What to do:
An exact copy is required of the lines from the one with "Helvella crispa _2026-09-22_1-3" through the last line of the material below, and of nothing else.

Exercise materials:
========================================================================

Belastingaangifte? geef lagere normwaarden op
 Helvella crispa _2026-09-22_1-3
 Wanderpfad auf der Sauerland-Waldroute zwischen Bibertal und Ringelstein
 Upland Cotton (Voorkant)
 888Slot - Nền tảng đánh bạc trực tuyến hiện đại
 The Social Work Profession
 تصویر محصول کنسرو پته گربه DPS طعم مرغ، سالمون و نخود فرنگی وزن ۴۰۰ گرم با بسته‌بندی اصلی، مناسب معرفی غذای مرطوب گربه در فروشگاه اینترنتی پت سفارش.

========================================================================

Final answer:
 Helvella crispa _2026-09-22_1-3
 Wanderpfad auf der Sauerland-Waldroute zwischen Bibertal und Ringelstein
 Upland Cotton (Voorkant)
 888Slot - Nền tảng đánh bạc trực tuyến hiện đại
 The Social Work Profession
 تصویر محصول کنسرو پته گربه DPS طعم مرغ، سالمون و نخود فرنگی وزن ۴۰۰ گرم با بسته‌بندی اصلی، مناسب معرفی غذای مرطوب گربه در فروشگاه اینترنتی پت سفارش.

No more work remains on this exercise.